Ma non solo. La vicenda di Pia andava a sovrapporsi ad un’altra narrazione mitica: la Maremma, pelago malsano e destino di morte per chi vi abitava o vi andava a lavorare. Non sarà un caso se il ventenne granduca di Toscana, Leopoldo II, farà dipingere nelle sue stanze del palazzo senese situato in piazza del Duomo, proprio un ciclo di affreschi raffiguranti la Istoria della Pia. Omaggio alla leggenda di Pia de’ Tolomei, ma anche dichiarata premura verso la Maremma che con lui vedrà veramente una rinascita. E’ persino commovente leggere, in proposito, quanto ebbe a scrivere lo stesso Leopoldo alla morte della sua giovane moglie: “raccolto l’ultimo respiro della buona sposa, corsi in Maremma, lei piangendo che mi aveva lasciato, e Maremma desolata e piena di lutto come il cuor mio”.

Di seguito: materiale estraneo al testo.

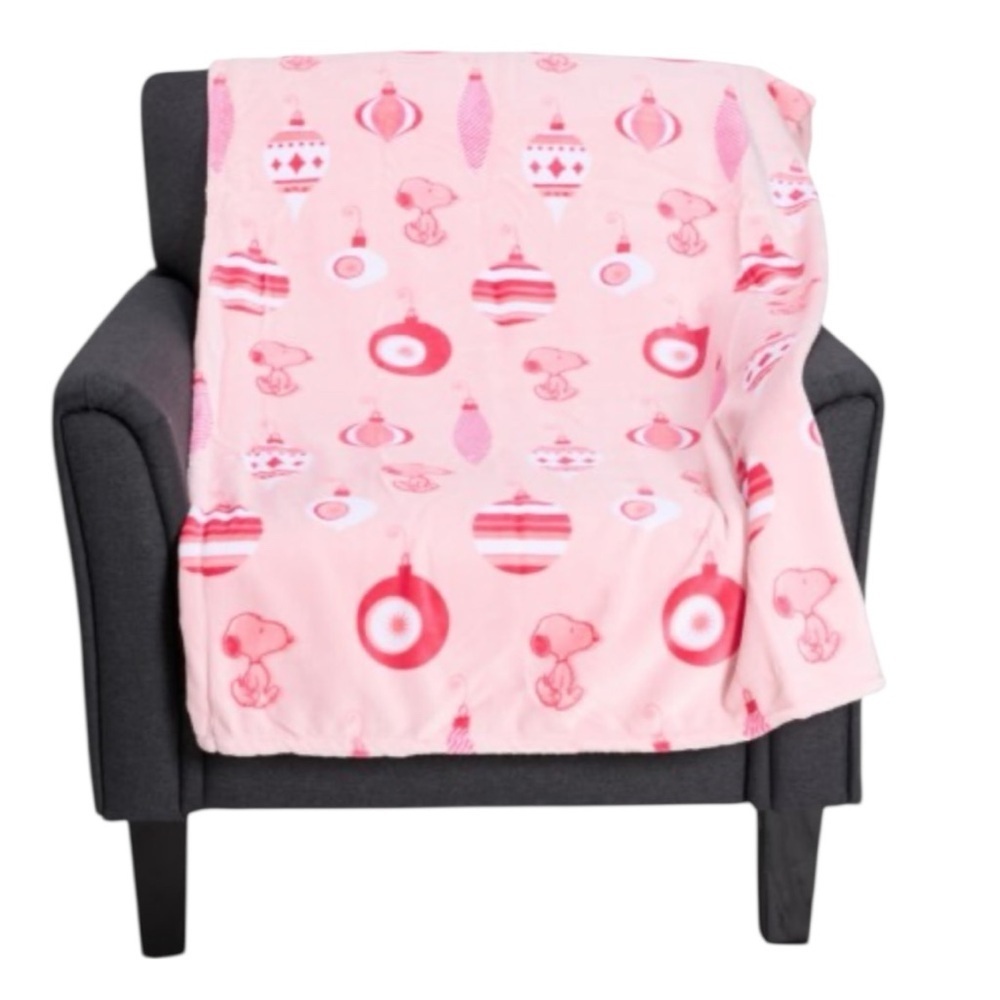 NWT BERKSHIRE PEANUTS Snoopy Christmas Soft Plush Blanket Throw Size 60”x70”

Gli affreschi dell’anticamera granducale raccontano la storia di Pia seguendo il filo narrativo della “novella in versi” (1822) di Benedetto Sestini, fondamentale testo per comprendere il mito ottocentesco della Pia. Seguirà poi la tragedia di Carlo Marenco (1837), mentre in quello stesso anno Gaetano Donizetti, su libretto di Michele Cammarano (sempre desunto dal poemetto del Sestini), compone un’opera musicale. Fu ghiotta trama anche per un romanzo pubblicato nel 1879 da Carolina Invernizio, popolare autrice di romanzi d’appendice. E nemmeno il cinema del Novecento si lasciò sfuggire il drammone di Pia con i film di Gerolamo Lo Savio (1910), Esodo Pratelli (1941), Sergio Grieco (1958). Negli anni Trenta sarà Marguerite Yourcenar a rappresentarne la storia nell’atto unico Il dialogo della palude. Vi si immagina l’ultimo incontro tra Nello e Pia, ormai resa demente dalla prolungata reclusione. Un Nello pentito e introspettivo che giunge a chiedere perdono fuori tempo massimo. Le vicissitudini della nobildonna senese saliranno inaspettatamente anche sul proscenio del nuovo millennio con il musical che a lei dedicò nel 2010 Gianna Nannini. La rockstar già nel 2007 aveva anticipato il suo racconto musicale nel disco Pia come la canto io, graffiando con la voce parole che dicevano “dolente Pia innocente è prigioniera”.
E provatevi a dire che Pia non è mai esistita.